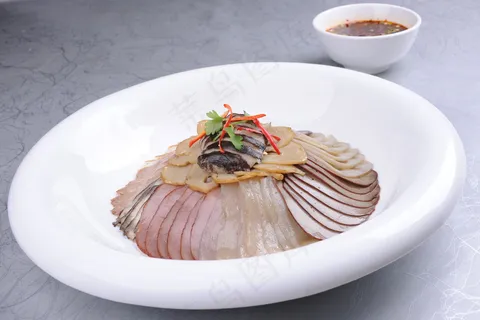 SNCLC0093酱香拼盘  大58  中  48  小38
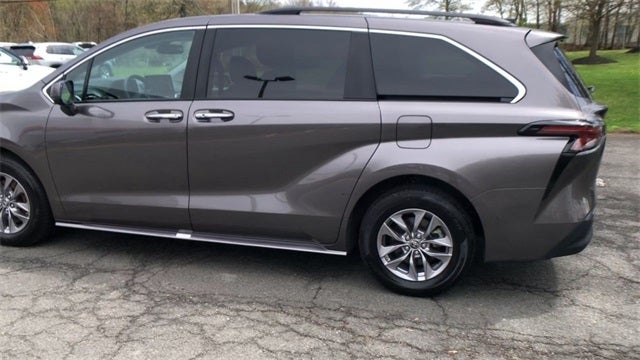 2023 Toyota Sienna XLE 8 Passenger in Albany, NY - Lia Auto Group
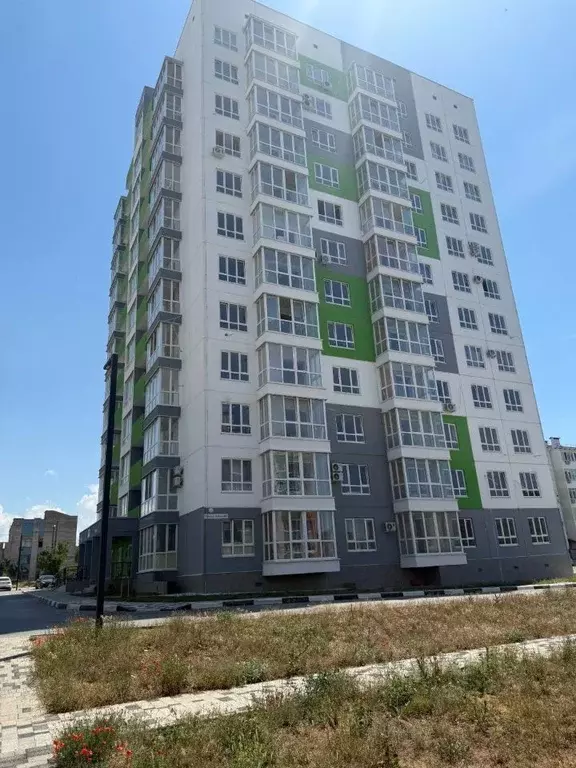 1-к кв. Крым, Евпатория просп. Победы, 93 (47.4 м) - Фото 2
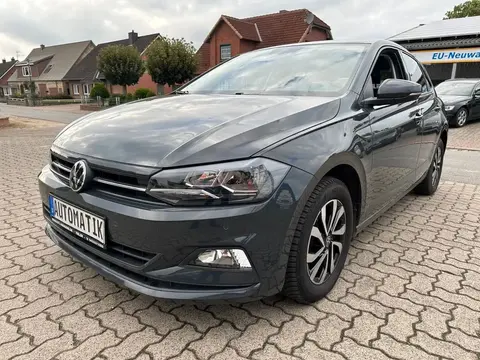 Annonce VOLKSWAGEN POLO Essence 2021 d'occasion 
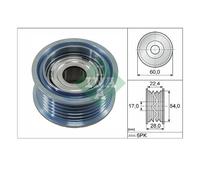 Lemförder 532 0900 10 Poulie De Guidage Pour Courroie Crantée Pour VW Audi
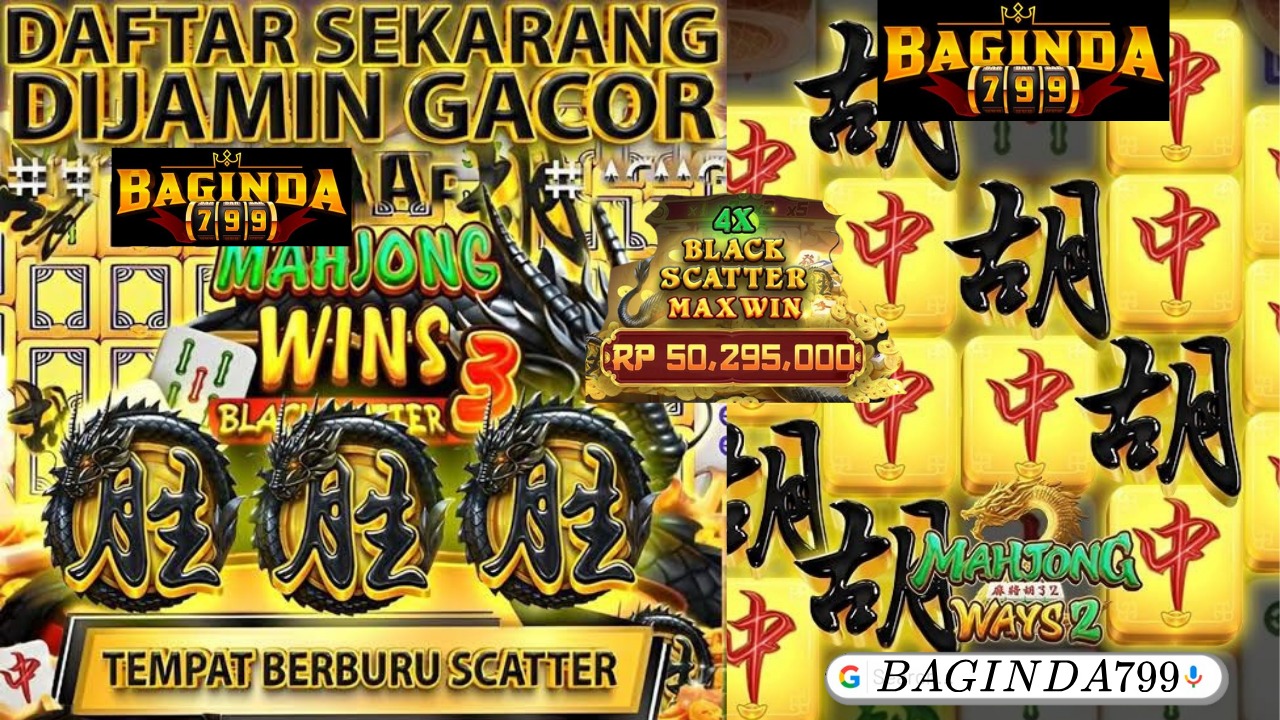 BAGINDA799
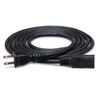 Hosa PWC-178 Ungrounded Power Cable - 8 Foot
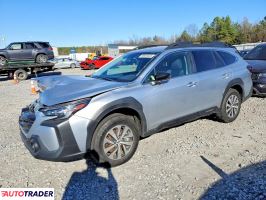 Subaru Outback 2025 2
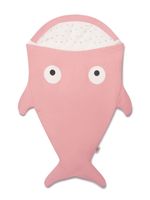 Baby Bites nid d'ange Shark en coton - Rose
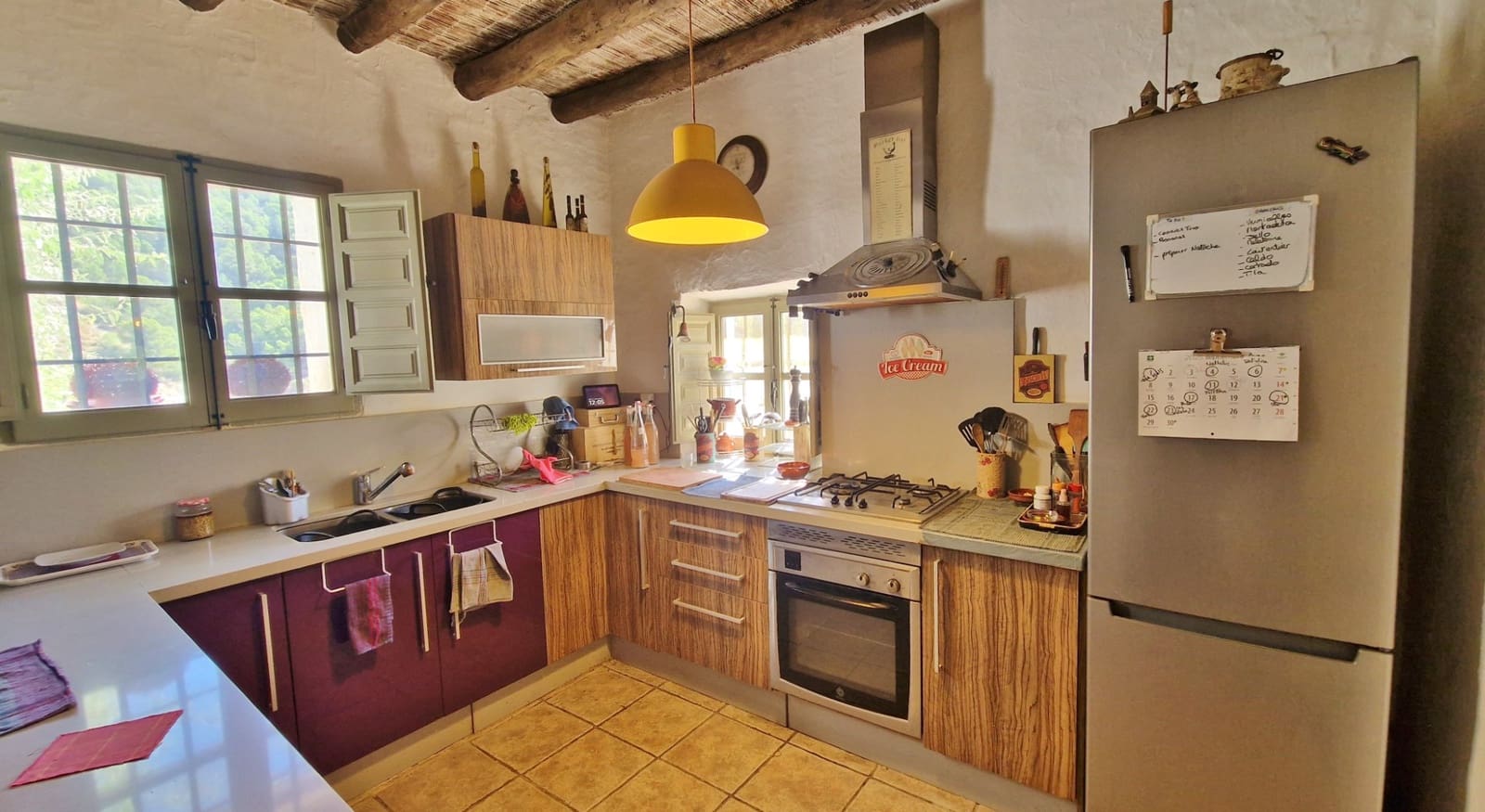 3 soverom Finca/Herregård til salgs i Montefrio med garasje - € 220 000 (Ref: 9296287)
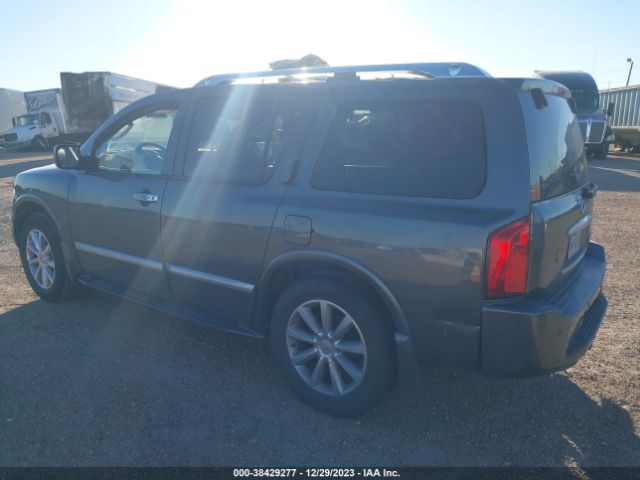 Photo 2 VIN: 5N3ZA0NE1AN906254 - INFINITI QX56 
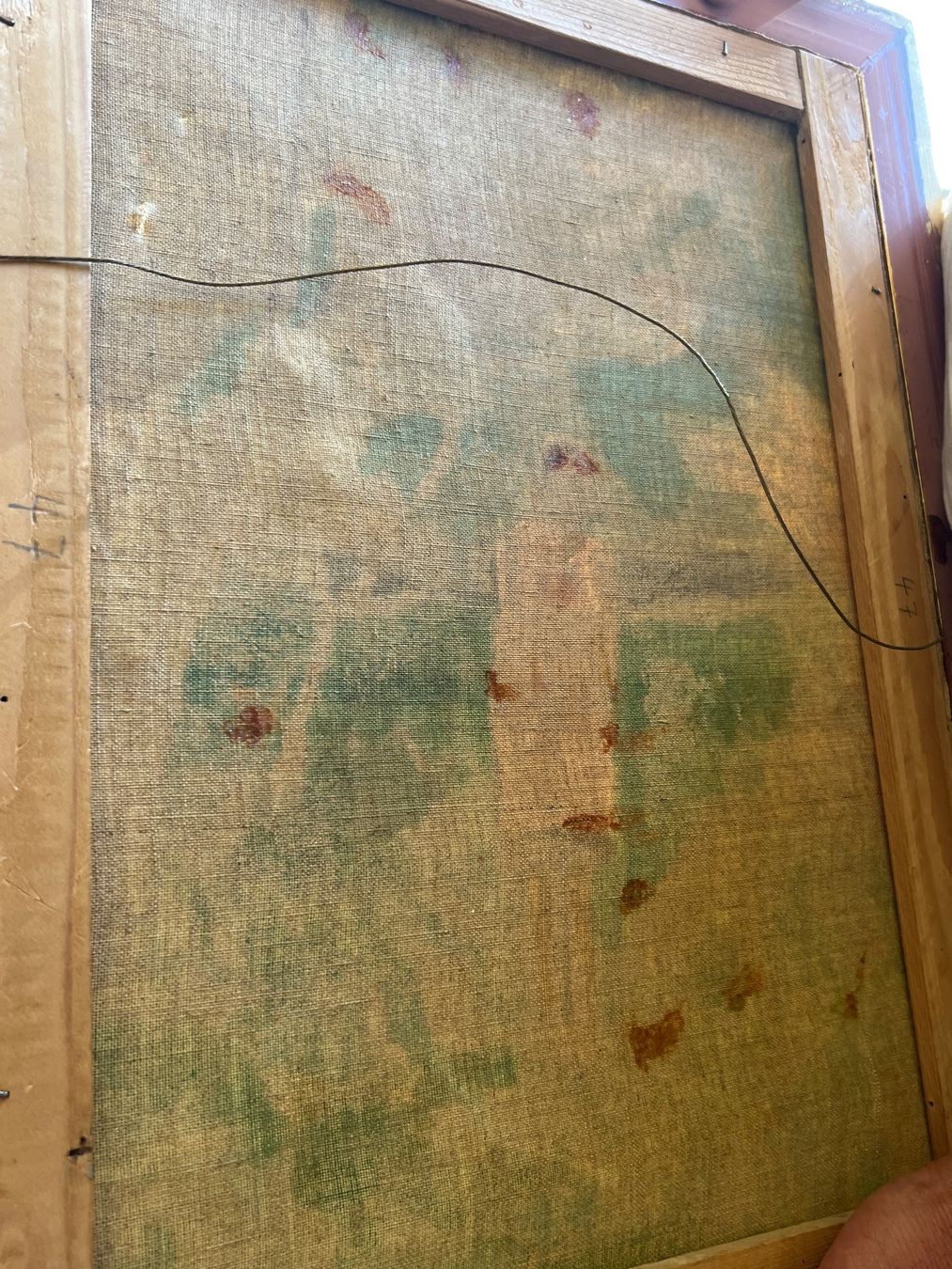 Tableaux: Alte Gemälde, Nr 97 – D'occasion à Glattfelden par maa_qcj8 3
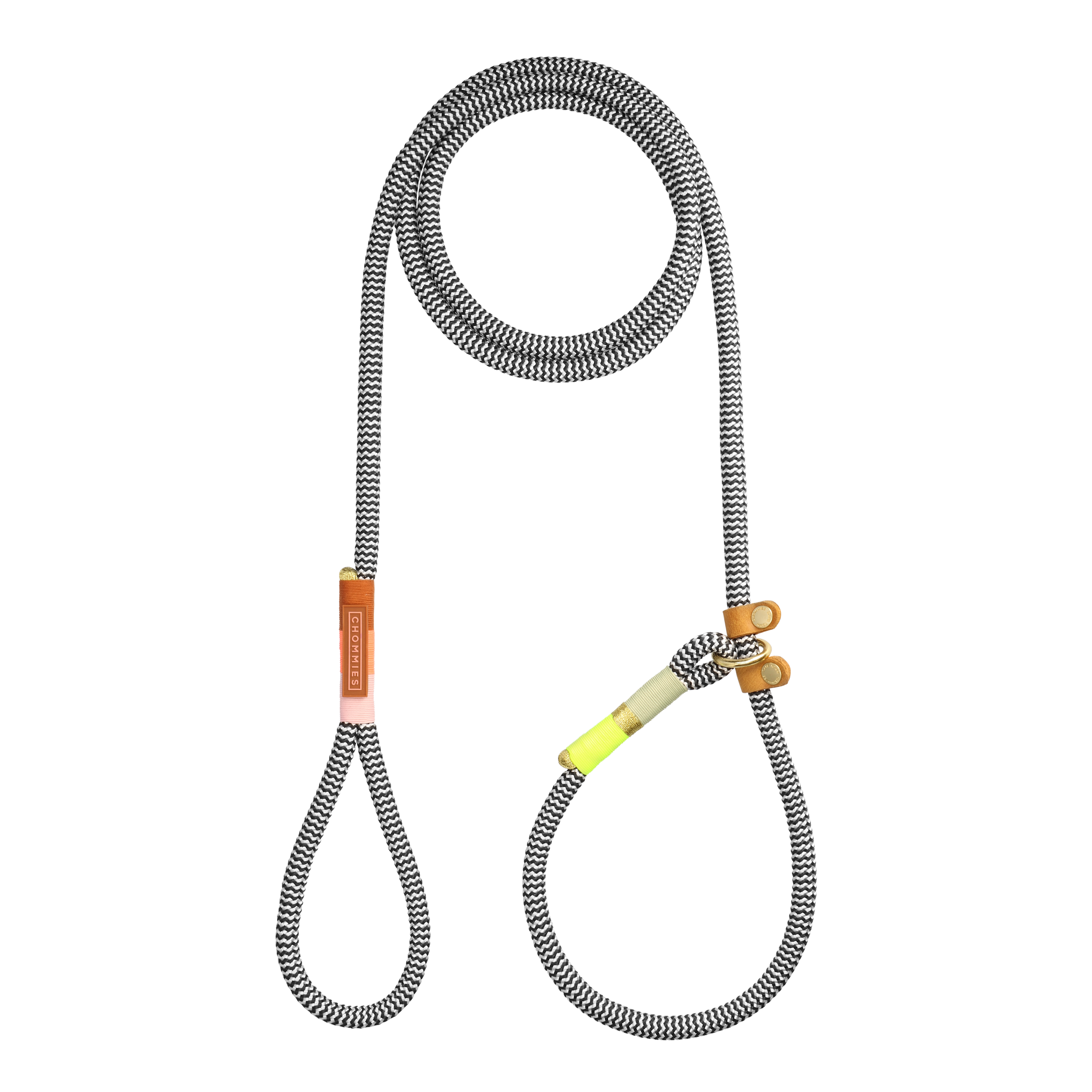 Slip-On Dog Leash | Popsicle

#### What the task asks:
Transcribe the whole of the data exactly, minus any pictures.

#### Task output:
 SNCLC0093酱香拼盘  大58  中  48  小38
 2023 Toyota Sienna XLE 8 Passenger in Albany, NY - Lia Auto Group
 1-к кв. Крым, Евпатория просп. Победы, 93 (47.4 м) - Фото 2
 Annonce VOLKSWAGEN POLO Essence 2021 d'occasion 
 Lemförder 532 0900 10 Poulie De Guidage Pour Courroie Crantée Pour VW Audi
 BAGINDA799
 Hosa PWC-178 Ungrounded Power Cable - 8 Foot
 Subaru Outback 2025 2
 Baby Bites nid d'ange Shark en coton - Rose
 3 soverom Finca/Herregård til salgs i Montefrio med garasje - € 220 000 (Ref: 9296287)
 Photo 2 VIN: 5N3ZA0NE1AN906254 - INFINITI QX56 
 Tableaux: Alte Gemälde, Nr 97 – D'occasion à Glattfelden par maa_qcj8 3
 Slip-On Dog Leash | Popsicle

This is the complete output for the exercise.